November | 2022 | Murshed Zaman

Flattening JSON docs in Snowflake Data Warehouse

November 5, 2022 by Murshed Leave a comment

In this blog, I will go over some tips and tricks that I used to flatten JSON data into a relational form in the Snowflake data warehouse.

There are many examples of how to load JSON data into the Snowflake data warehouse, thus I am going to skip that part. But it is worth mentioning that we do a full load of our MongoDB over the weekend and the rest of the time we do delta loads based on the record updated date in MongoDB. When loading the delta portion of the JSON docs we heavily use what I call the delete-insert process with joins to insert the data into JSON tables. We use Snowpipe to load the data from MongoDB to Snowflake.

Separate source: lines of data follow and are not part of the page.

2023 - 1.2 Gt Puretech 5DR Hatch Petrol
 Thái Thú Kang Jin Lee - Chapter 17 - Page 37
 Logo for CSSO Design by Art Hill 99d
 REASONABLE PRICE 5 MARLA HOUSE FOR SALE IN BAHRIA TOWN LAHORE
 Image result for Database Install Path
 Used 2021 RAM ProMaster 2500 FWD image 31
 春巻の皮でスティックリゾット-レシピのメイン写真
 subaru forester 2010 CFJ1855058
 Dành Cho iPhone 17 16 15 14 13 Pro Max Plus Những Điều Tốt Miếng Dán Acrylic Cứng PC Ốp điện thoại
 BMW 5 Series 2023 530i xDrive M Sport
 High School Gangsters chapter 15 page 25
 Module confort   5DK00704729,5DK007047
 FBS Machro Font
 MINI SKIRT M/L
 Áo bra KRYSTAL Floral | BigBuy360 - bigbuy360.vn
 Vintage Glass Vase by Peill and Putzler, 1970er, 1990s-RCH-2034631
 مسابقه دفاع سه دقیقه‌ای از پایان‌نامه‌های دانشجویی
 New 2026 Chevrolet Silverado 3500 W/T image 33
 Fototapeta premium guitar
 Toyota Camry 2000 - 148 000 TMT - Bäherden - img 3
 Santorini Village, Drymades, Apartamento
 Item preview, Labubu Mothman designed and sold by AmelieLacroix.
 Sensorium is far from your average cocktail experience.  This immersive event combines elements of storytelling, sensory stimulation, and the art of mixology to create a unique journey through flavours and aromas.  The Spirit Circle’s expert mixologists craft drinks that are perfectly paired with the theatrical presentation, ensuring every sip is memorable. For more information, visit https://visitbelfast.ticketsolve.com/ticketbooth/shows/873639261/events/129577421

My JSON examples are from MongoDB, but any valid JSON will work. My screenshots of JSON documents are from MongoDB Compass, a UI tool that allows you to view/update/delete data in MongoDB. For purposes of this being a public blog, I will blur and obfuscate any identifying information. But you will learn how to write SQL code to flatten JSON data on Snowflake with the code examples.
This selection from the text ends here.